So outcomes can depend on things that never actually happen in the real world. Cool, so what does that have to do with the past influencing the future? Well, the answer is that it doesn’t—at least, not directly. But that’s where the twist comes in:
Earlier, when I gave my toy example of a hypothetical chess game between you and Kasparov, I made sure to phrase the question so that the situation was presented from the perspective of your actual self, not your hypothetical self. (This makes sense; after all, if Omega’s prediction method was based on something other than a direct simulation, your hypothetical self might not even exist.) But there was another way of describing the situation:
You’re going about your day normally when suddenly, with no warning whatsoever, you’re teleported into a white void of nothingness. In front of you is a chessboard; on the other side of the chessboard sits Kasparov, who challenges you to a game of chess.

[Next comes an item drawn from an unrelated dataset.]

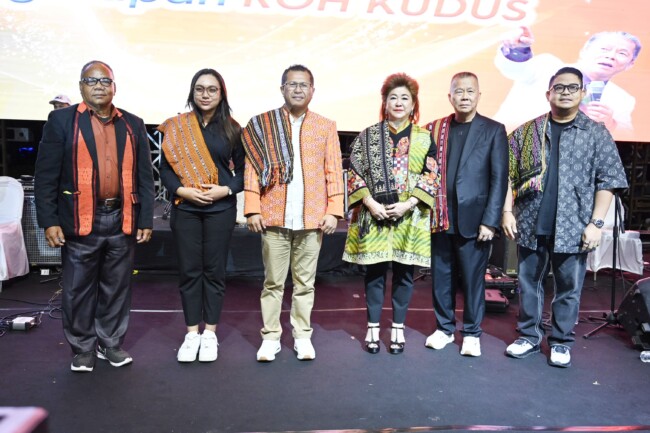 gereja-adalah-mitra-pembangunan-pesan-bupati-yosef-lede-di-tengah-kkr-tunbaun-yang-penuh-kasih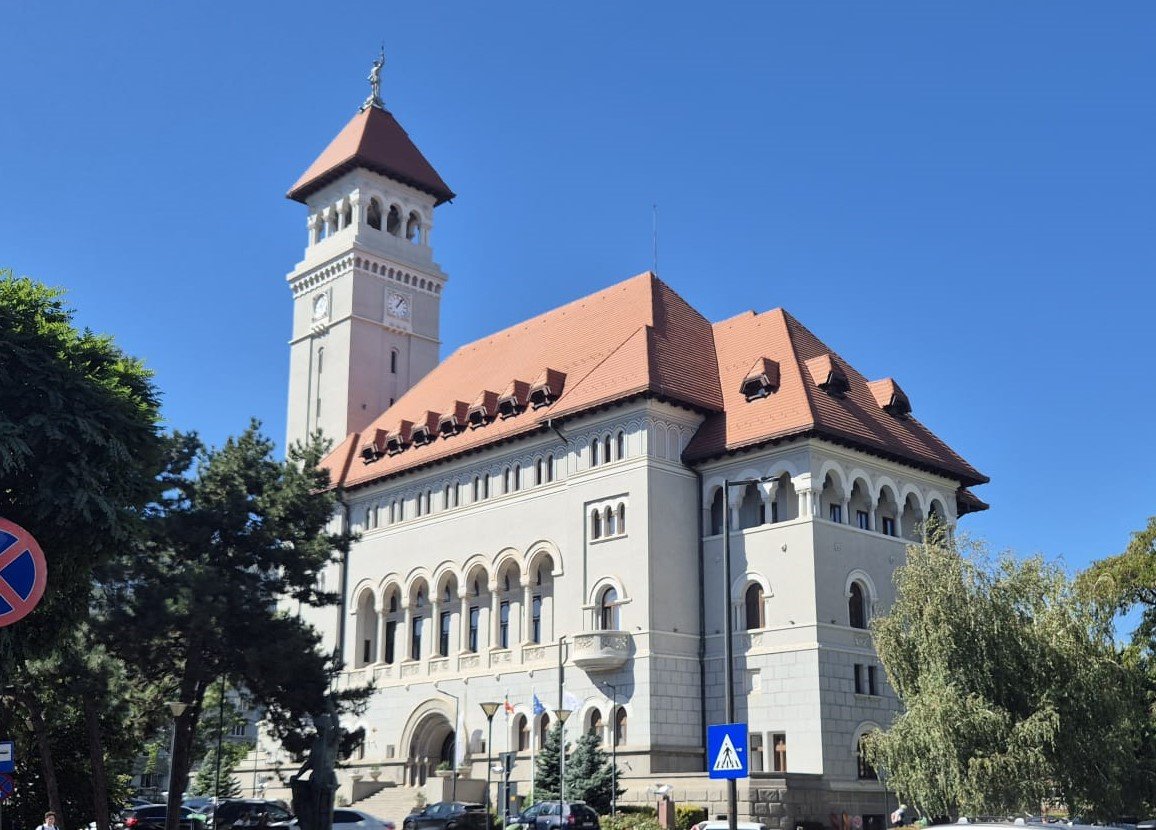 Autoritățile românești au demarat un control amplu la nivelul Consiliului Local al Sectorului 1 din București, într-un demers menit să clarifice modul în care sunt gestionate două dintre cele mai importante companii deținute de administrația locală: CET Grivița și Compania de Investiții și Dezvoltare Sector 1 S.A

Here, we have the same situation, but presented from the viewpoint of the hypothetical you on whom Omega’s prediction is based. Crucially, the hypothetical you doesn’t know that they’re hypothetical, or that the real you even exists. So from their perspective, something random just happened for no reason at all. (Yes, yes, if Omega used some method other than a simulation to make his prediction, the hypothetical you wouldn’t have existed and wouldn’t have had a perspective—but hey, that doesn’t stop me from writing from their perspective, right? After all, real people write from the perspectives of unreal people all the time; that’s just called writing fiction. And besides, we’ve already established that real or unreal, the outcome of the game really does determine whether you get the $500, so the thoughts and feelings of the hypothetical you are nonetheless important in that they partially determine the outcome of the game.)
And now we come to the final, crucial point that makes sense of the blackmail scenario and all the other thought experiments in the paper, the point that Schwarz and most mainstream philosophers haven’t taken into account:
Every single one of those thought experiments could have been written from the perspective, not of the real you, but a hypothetical, counterfactual version of yourself.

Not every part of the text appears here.